Shenzhen is at the frontier of China’s electric car push. There’s no better place to get a sense of the future of this industry.
But before anyone gets overly excited, consider this: There are about 2.7 million passenger cars in Shenzhen but only about 2,000 are new energy types.
It’s hard to call electric cars a great success despite years of effort. A lot more has to be done.
An official from the Shenzhen Development and Reform Commission (SDRC) has some ideas about how things could pick up speed. There needs to be enough charging spots to begin with.
Lu Xiangzhen, chief director of an SDRC department that coordinates major projects, told National Business Daily the municipal government is planning to allocate land to public transport companies for charging stations-cum-commercial buildings.
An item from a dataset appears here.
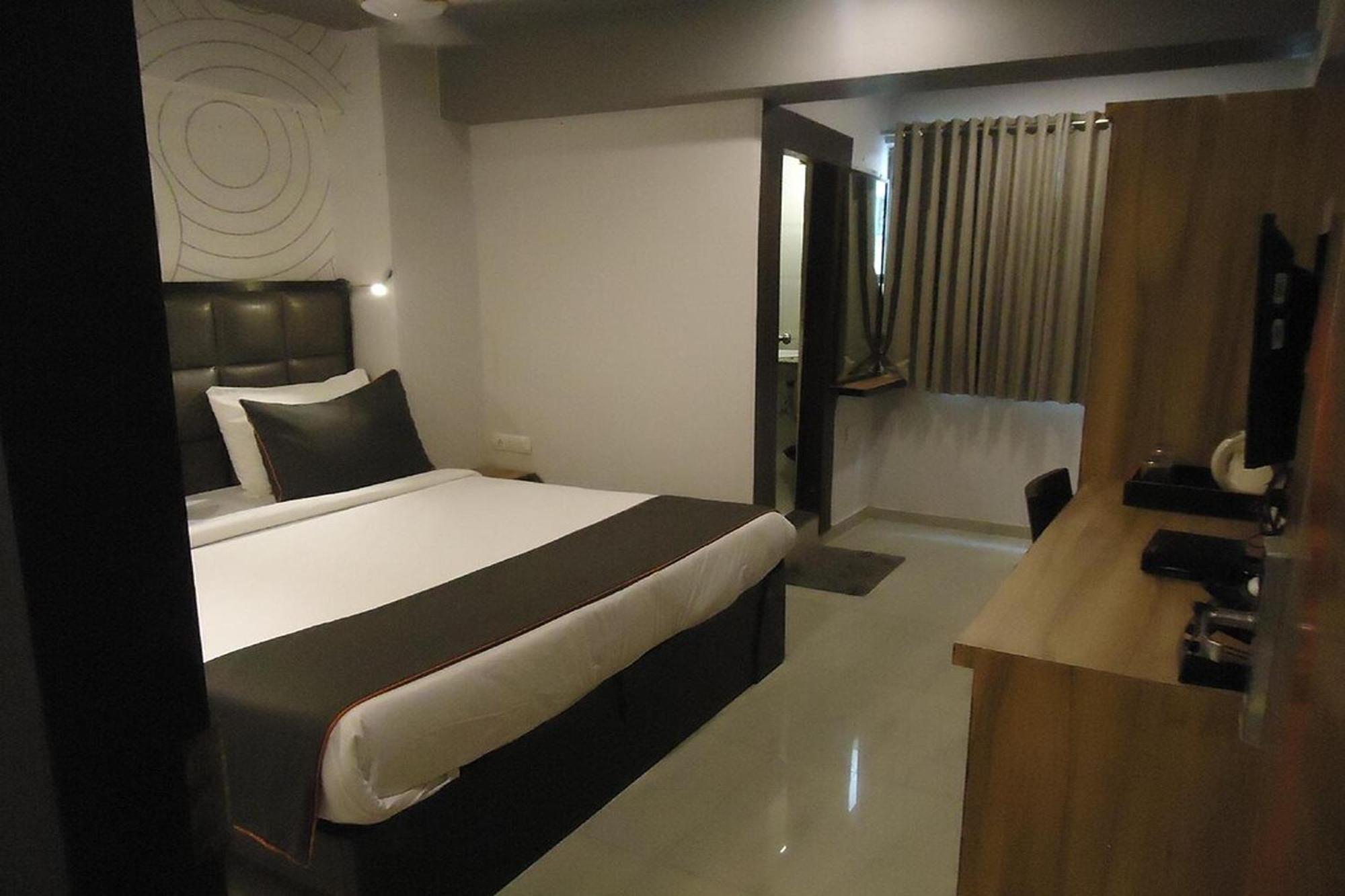 FabHotel Maan Residency Satellite Road Ahmedabad Buitenkant foto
Offices and shopping malls will become a source of income for these companies in place of government subsidies. In addition, underground charging stations will improve the green car infrastructure in a way that also maximizes land use.
Details of the project may be announced this month.
In the meantime, Shenzhen will use short-term measures to ease the charging problem. Mobile charging stations are an option.
Free or lower parking fees and toll road charges, as well as charging fee subsidies, are being considered to lure users.
But carrot is only part of the scheme — local cadres will crack the whip on polluters.
“Cars are a main source of air pollution,” Lu said. Shenzhen is considering an emission levy to punish offenders.